Stratified tank model using TDMA (Tri-Diagonal Matrix Algorithm).
This module provides a 1D stratified hot-water tank model with vertical discretization.
The model uses effective thermal conductivity to account for both molecular conduction
and natural convection driven by buoyancy forces.
"""
import numpy as np
from .constants import beta, c_w, g, k_w, mu_w, rho_w
from .enex_functions import TDMA, _add_loop_advection_terms, calc_UA_tank_arr
[docs]
class StratifiedTankTDMA:
"""
TDMA-based 1D stratified hot-water tank model (vertical discretization).

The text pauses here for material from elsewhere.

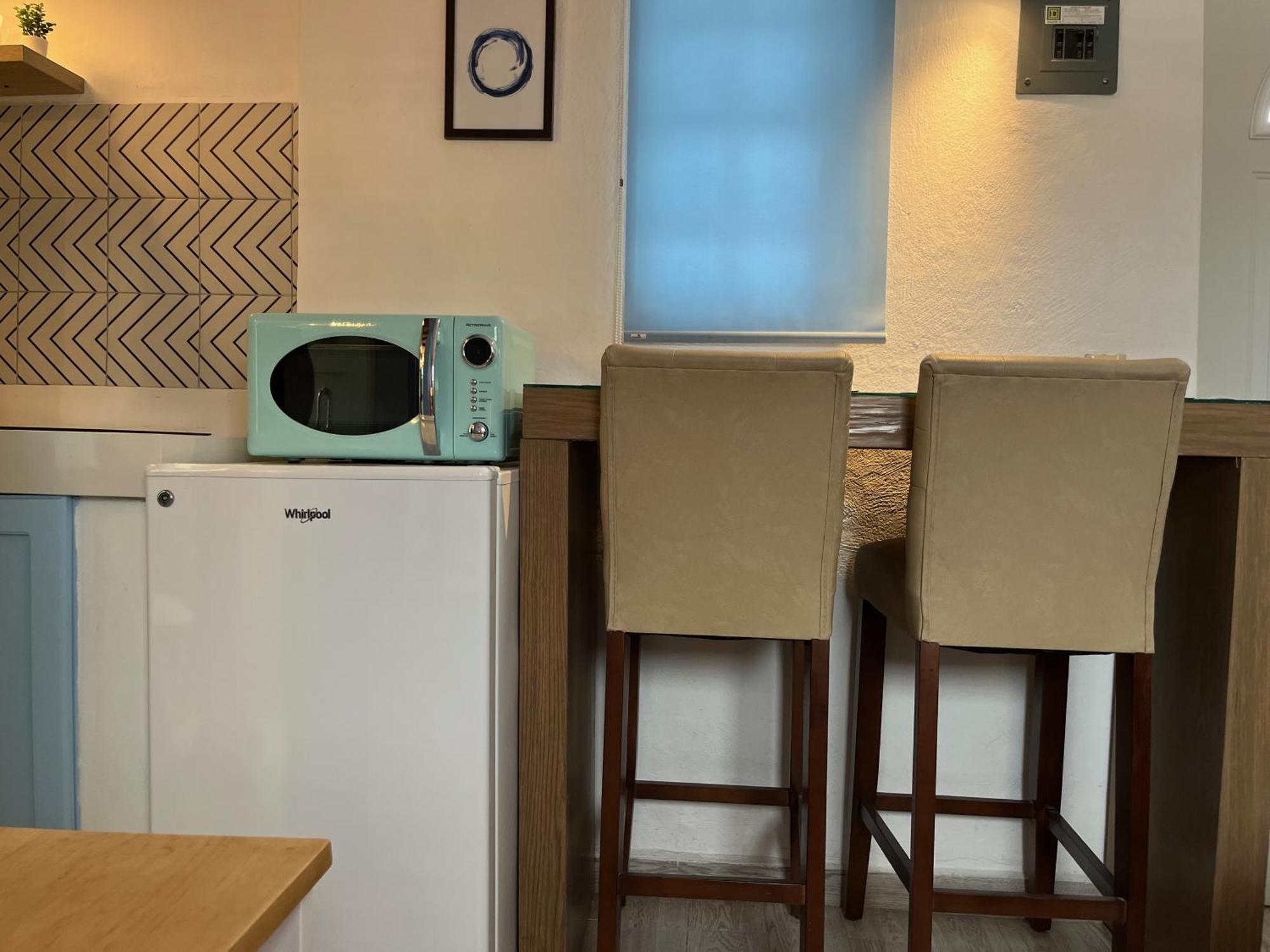 Apartment Le Petit Bonheur - Charming Studio With Terrace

This class models a cylindrical storage tank split into N vertical layers (nodes).
Each node enforces an energy balance that includes:
- Storage term via node thermal capacitance (C).

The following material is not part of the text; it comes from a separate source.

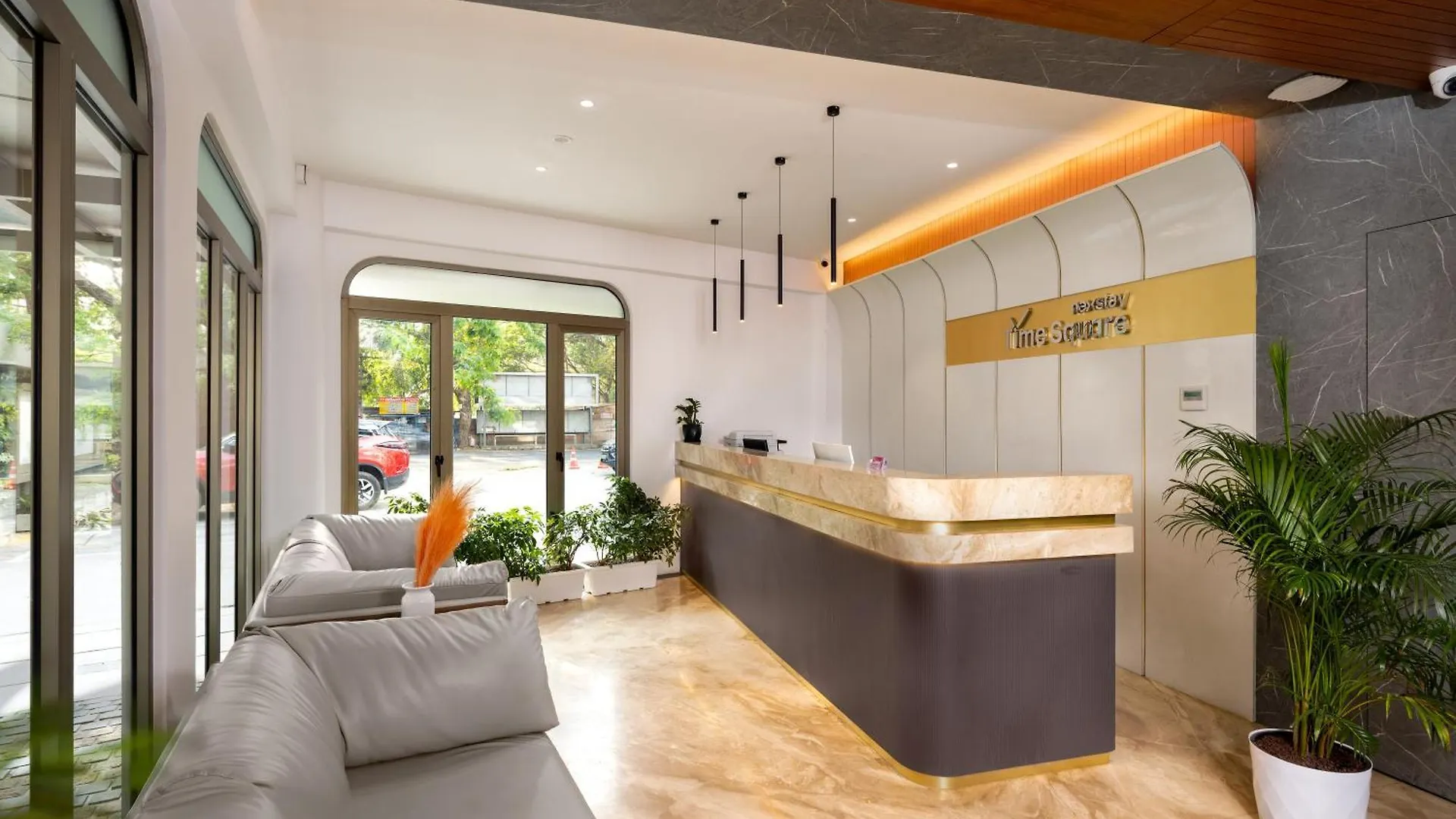 Nexstay Time Square Kozhikode India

- Effective thermal conduction between adjacent nodes using effective
conductivity (k_eff) that accounts for both molecular conduction and
natural convection driven by buoyancy forces.
- Advection due to draw/inlet flow (G = rho_w * c_w * dV).
- Heat loss to ambient through a per-node UA array (side for all nodes;
bottom/top discs additionally for the end nodes).
- Optional point heater applied at a single node.
- Optional external loop advection across a node range in either direction,
with loop heat input Q_loop.
Effective Thermal Conductivity Approach:
----------------------------------------
The model uses an effective thermal conductivity (k_eff) approach to
integrate molecular conduction and natural convection effects. For each
node pair (i, i+1), the effective conductivity is calculated based on:
- Temperature difference (dT = T[i+1] - T[i])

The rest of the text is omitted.